▶ [Extracted data entries]:
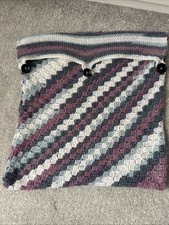 Hand knitted purple for sale  OSSETT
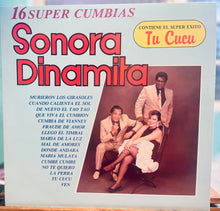 Cargar imagen en el visor de la galería, La Sonora Dinamita – 16 Super Cumbias
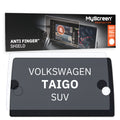 VOLKSWAGEN TAIGO SUV 2022 / + FRONT CENTRE DASHBOARD 01 8" - Matowa folia antyodciskowa MyScreen ANTI FINGER SHIELD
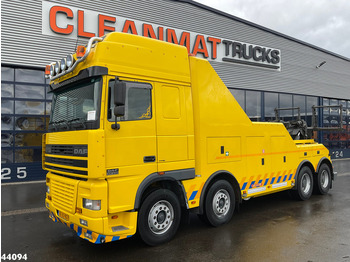 Bjærgningskøretøj DAF FAD XF 430 8x4 Manual Steel JIGE Recovery truck: billede 4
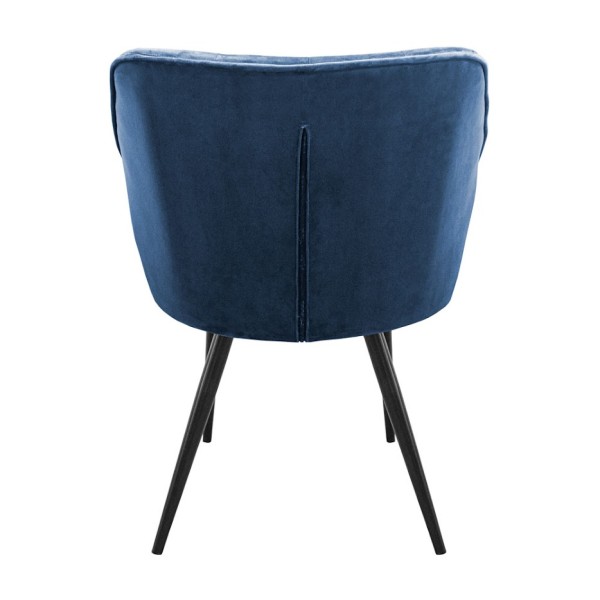 Стілець Томмі: сучасний металевий стілець для кухні та кафе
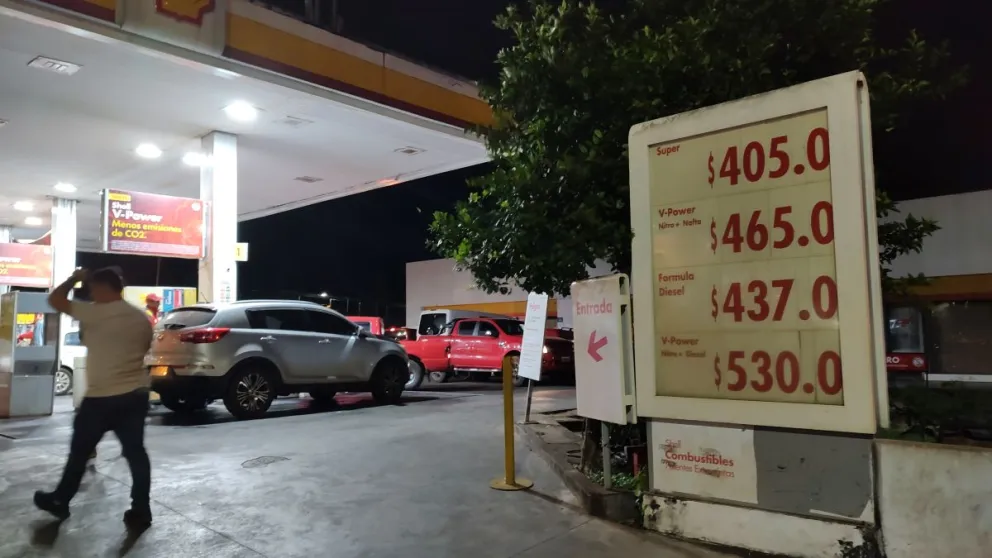 Shell aplicó en Puerto Iguazú un aumento superior al 5% en sus combustibles 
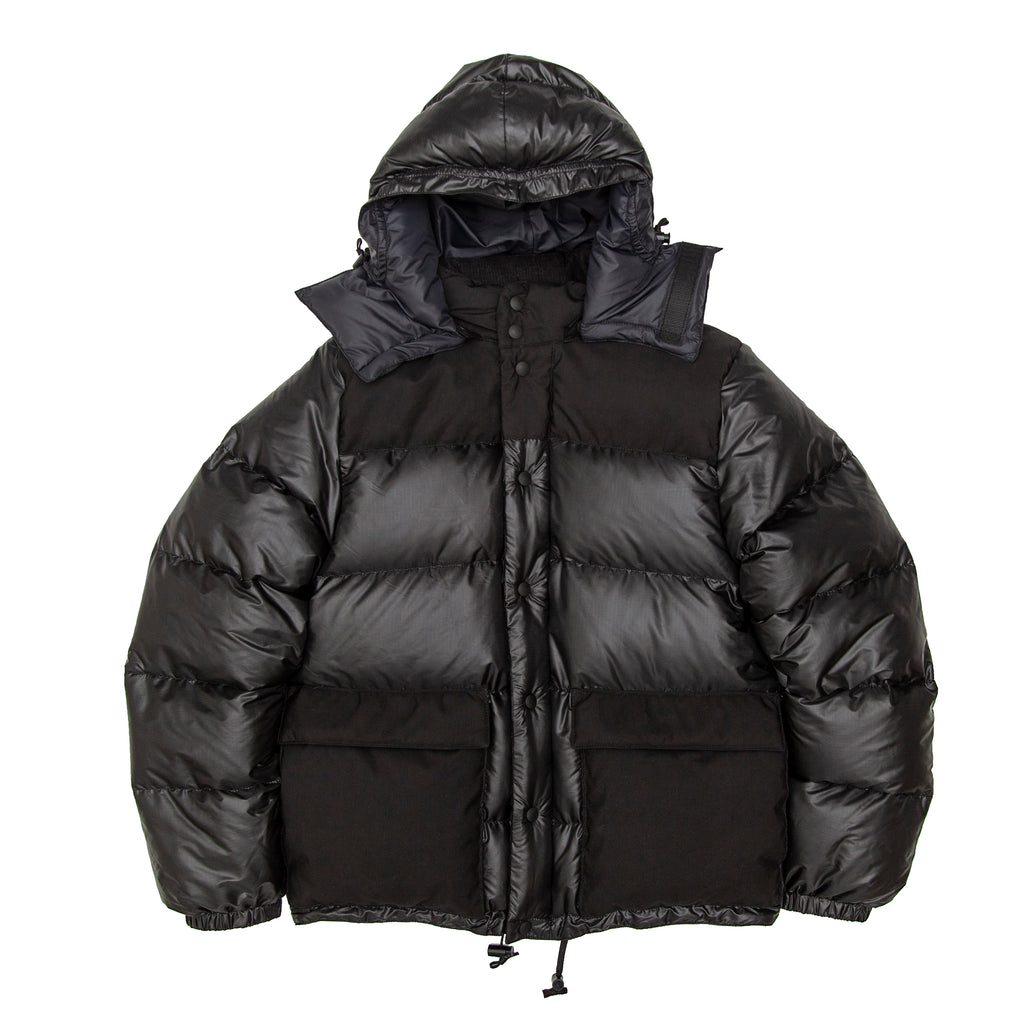 crescent down works parka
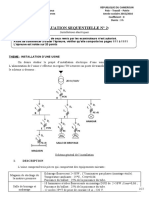 EVALUATION SEQUENTIELLE N°2 INSTAL. ELECT. Année Scolaire 2015-2016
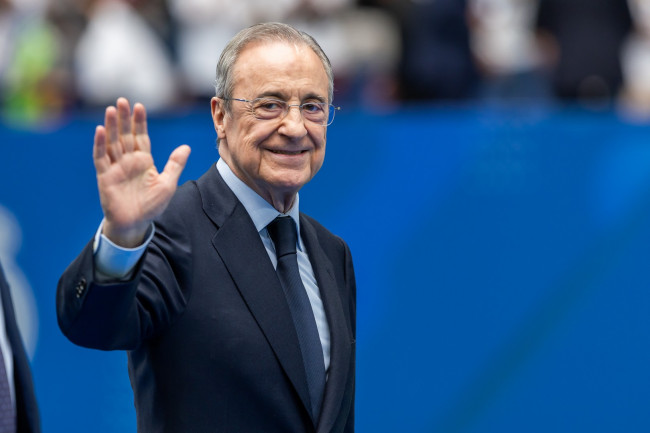 Florentino Pérezillä saattaa olla kilpailua Real Madridin vaaleissa ensimmäistä kertaa sitten vuoden 2009, "se mies, jolla on meksikolainen aksentti"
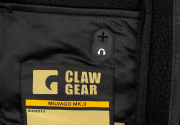 Fleecová bunda Clawgear MK.II Milvago Hoody, černá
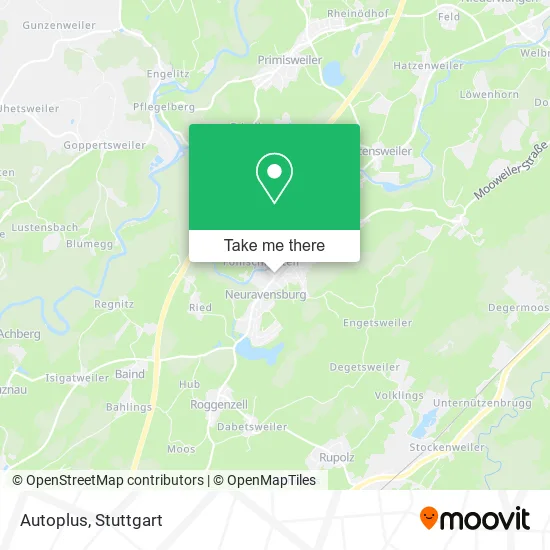 Карта Autoplus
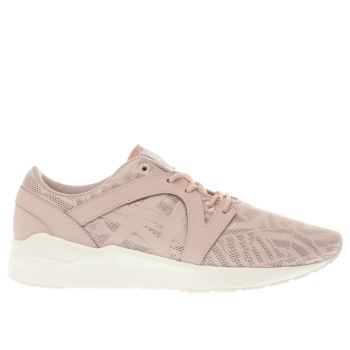 ASICS PALE PINK GEL-LYTE KOMACHI TRAINERS ASICS PALE PINK GEL-LYTE KOMACHI TRAINERS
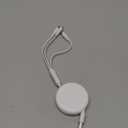 LISEN Multi Charging Cable, 3 in 1 Charging Cable, Retractable Car Charger with Type C/L/Micro USB Ports for iPhone 16 15 14 Pro Max/Samsung Galaxy S25/PS/Kindle, Multi Chargers for All Devices, White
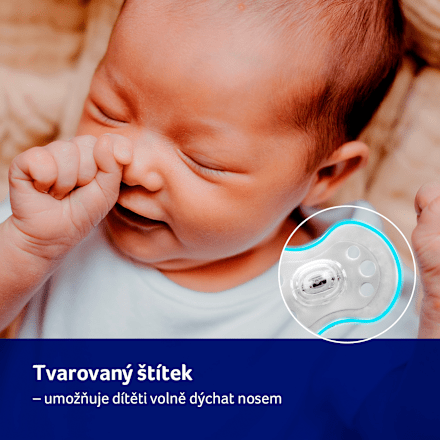 dudlík silikonový Harmony 18m+, šedá LOVI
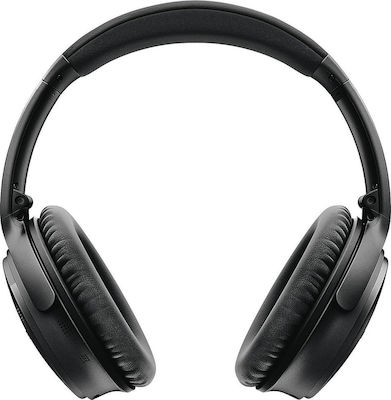 Bose QuietComfort 35 II Ασύρματα/Ενσύρματα Over Ear Ακουστικά με 20 ώρες Λειτουργίας Μαύρα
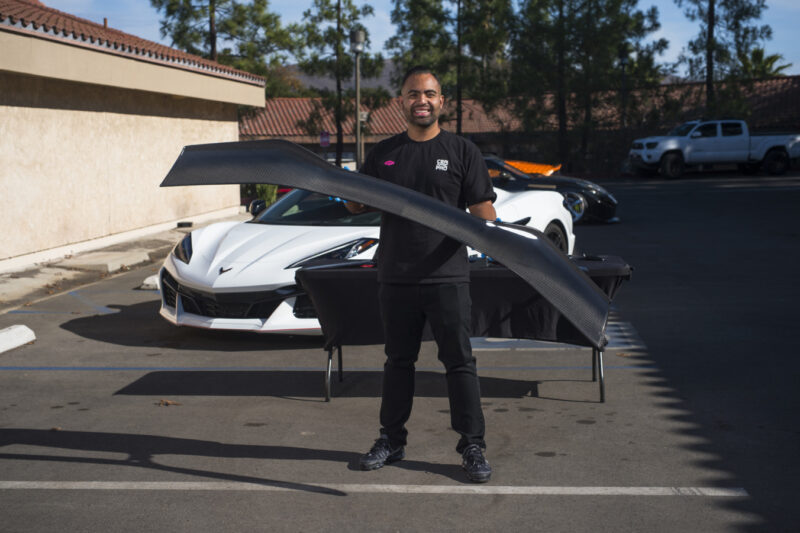 C8 Z06 angle 22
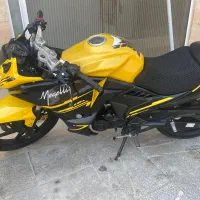 فروش موتور مگلی200R خوش رکاب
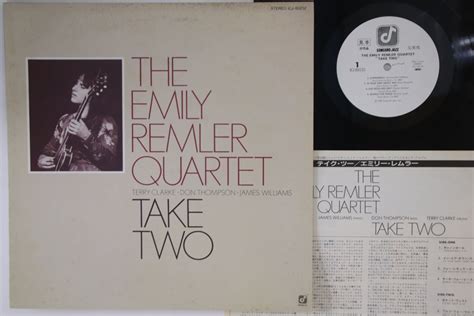 Yahooオークション Lp Emily Remler Quartet Take Two Icj80232 Con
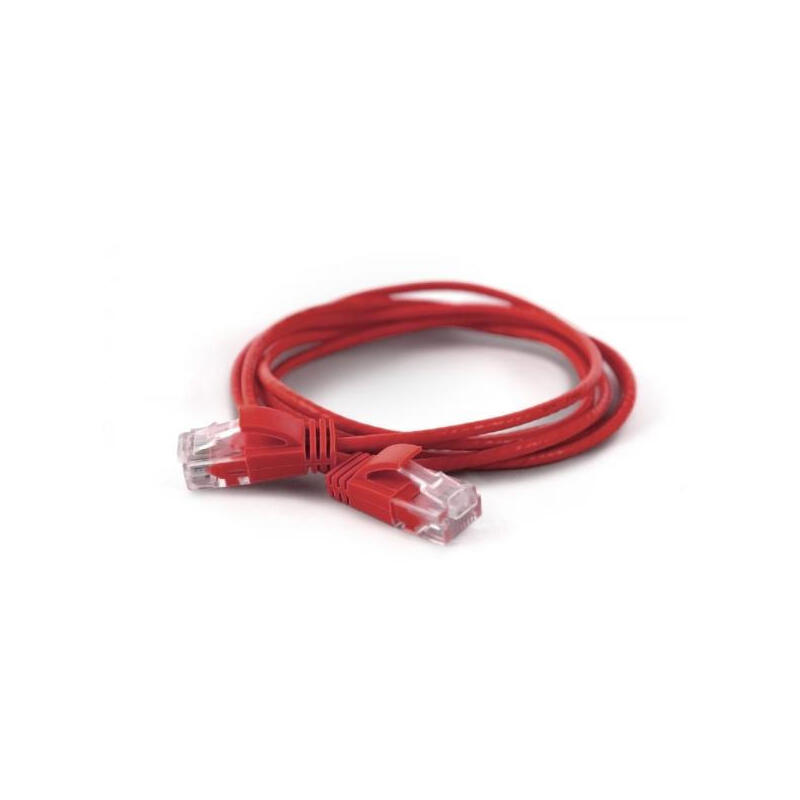 wantecwire-utp-cable-extra-fino-cat6a-d-28-mm-rojo-longitud-020-m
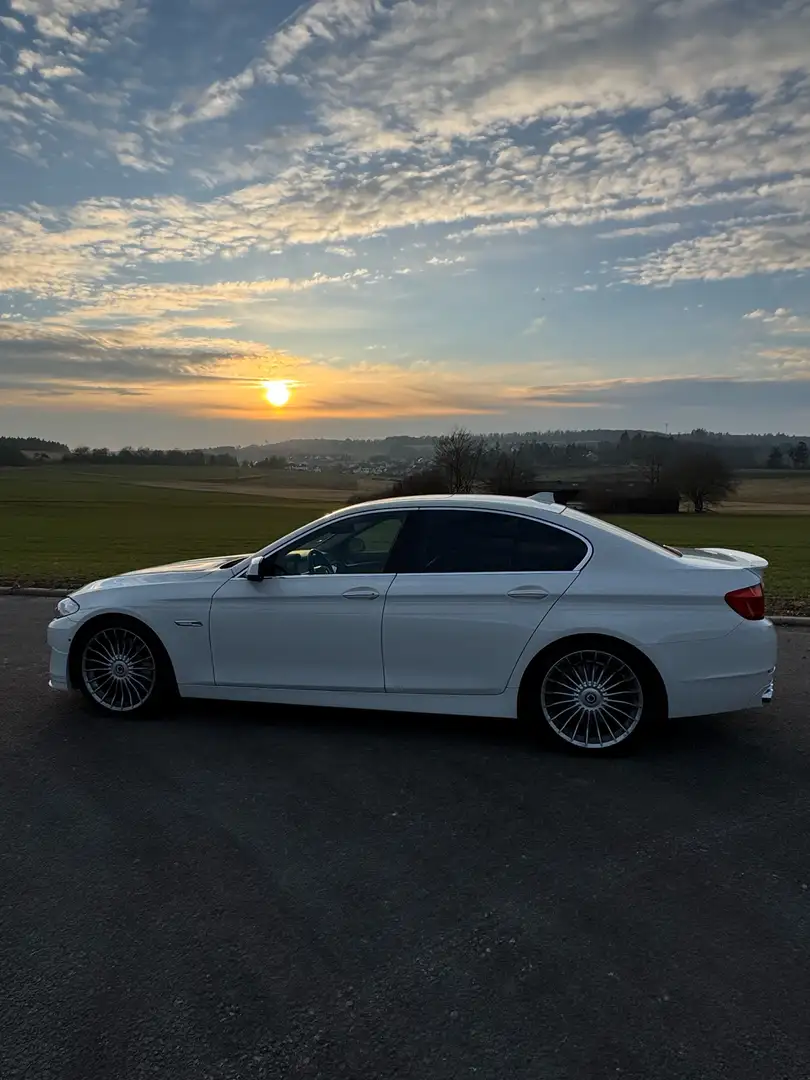 Alpina B5 Biturbo Switch-Tronic 540PS F10 Top Zustand, Blanco - 1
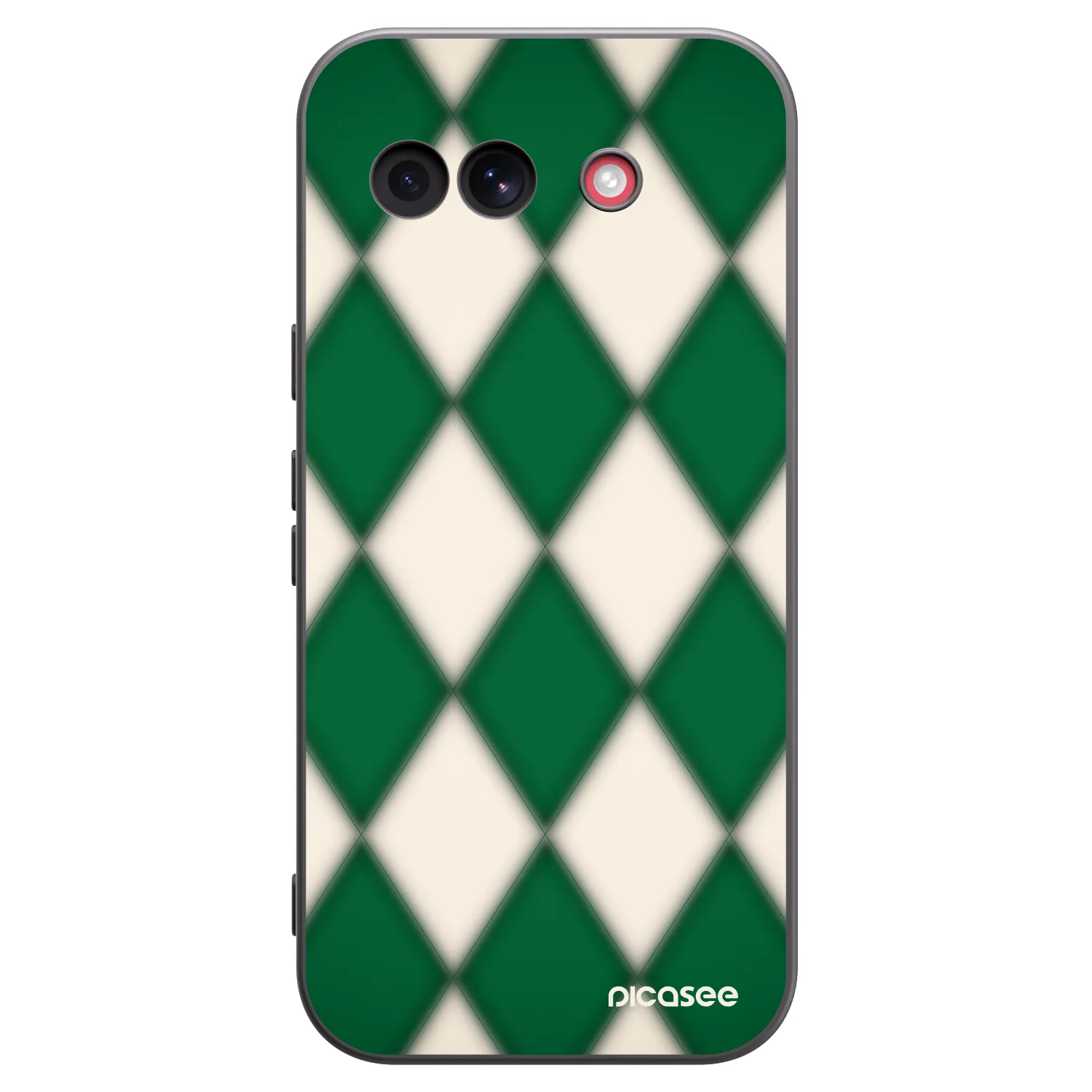 Picasee silikonski črni ovitek za Google Pixel 10a - Emerald Diamond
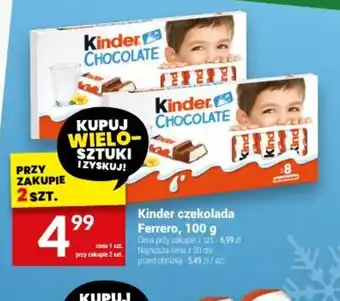 Twój Market Kinder czekolada Ferrero oferta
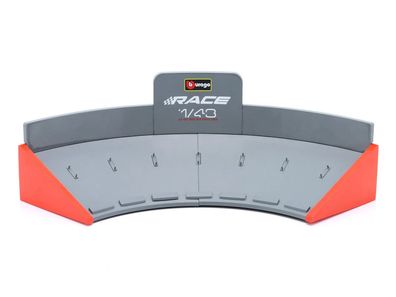 Bburago 18-36006 Formel 1 Arena Display Bausatz 1:43 Modellautos Sammler Vitrine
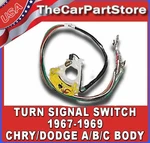 67-69 Dodge Body Dart Charger Turning Signal Switch. Fixed Price $97.95.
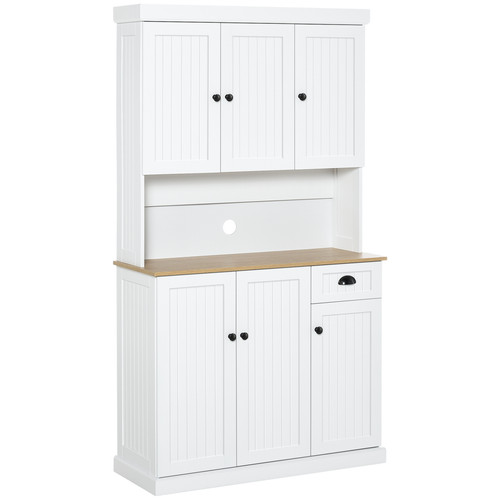 Homcom kitchen cupboard - homcom,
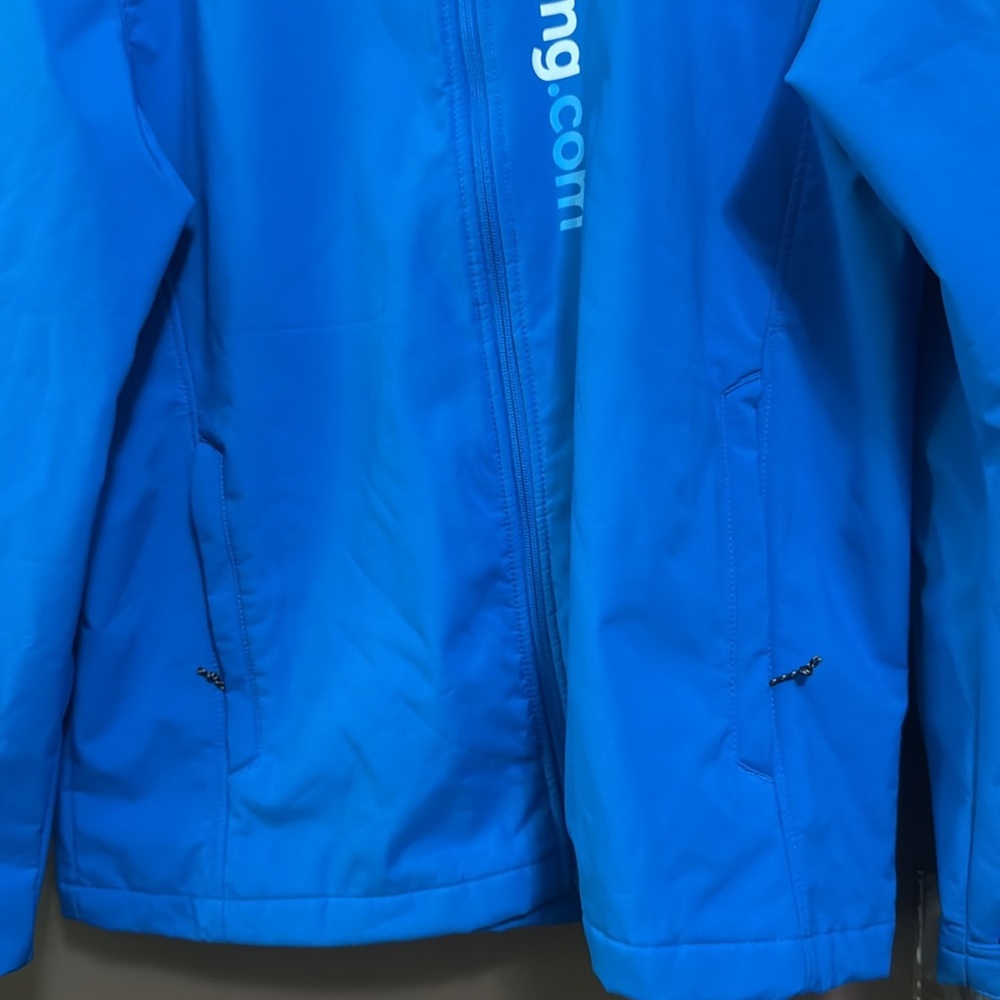 Men’s Blue “Booking.com” Jacket with Logo - Picture 4 of 6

▶ [EXERCISE REQUIREMENTS]: The required output is every line of the data above, set down exactly and stripped of pictures.

▶ [ANSWER TO THE PROBLEM]:
 Hand knitted purple for sale  OSSETT
 Cargar imagen en el visor de la galería, La Sonora Dinamita – 16 Super Cumbias
 VOLKSWAGEN TAIGO SUV 2022 / + FRONT CENTRE DASHBOARD 01 8" - Matowa folia antyodciskowa MyScreen ANTI FINGER SHIELD
 Bjærgningskøretøj DAF FAD XF 430 8x4 Manual Steel JIGE Recovery truck: billede 4
 Стілець Томмі: сучасний металевий стілець для кухні та кафе
 Shell aplicó en Puerto Iguazú un aumento superior al 5% en sus combustibles 
 crescent down works parka
 EVALUATION SEQUENTIELLE N°2 INSTAL. ELECT. Année Scolaire 2015-2016
 Florentino Pérezillä saattaa olla kilpailua Real Madridin vaaleissa ensimmäistä kertaa sitten vuoden 2009, "se mies, jolla on meksikolainen aksentti"
 Fleecová bunda Clawgear MK.II Milvago Hoody, černá
 Карта Autoplus
 ASICS PALE PINK GEL-LYTE KOMACHI TRAINERS ASICS PALE PINK GEL-LYTE KOMACHI TRAINERS
 LISEN Multi Charging Cable, 3 in 1 Charging Cable, Retractable Car Charger with Type C/L/Micro USB Ports for iPhone 16 15 14 Pro Max/Samsung Galaxy S25/PS/Kindle, Multi Chargers for All Devices, White
 dudlík silikonový Harmony 18m+, šedá LOVI
 Bose QuietComfort 35 II Ασύρματα/Ενσύρματα Over Ear Ακουστικά με 20 ώρες Λειτουργίας Μαύρα
 C8 Z06 angle 22
 فروش موتور مگلی200R خوش رکاب
 Yahooオークション Lp Emily Remler Quartet Take Two Icj80232 Con
 wantecwire-utp-cable-extra-fino-cat6a-d-28-mm-rojo-longitud-020-m
 Alpina B5 Biturbo Switch-Tronic 540PS F10 Top Zustand, Blanco - 1
 Picasee silikonski črni ovitek za Google Pixel 10a - Emerald Diamond
 Twój Market Kinder czekolada Ferrero oferta
 Bburago 18-36006 Formel 1 Arena Display Bausatz 1:43 Modellautos Sammler Vitrine
 67-69 Dodge Body Dart Charger Turning Signal Switch. Fixed Price $97.95.
 Homcom kitchen cupboard - homcom,
 Men’s Blue “Booking.com” Jacket with Logo - Picture 4 of 6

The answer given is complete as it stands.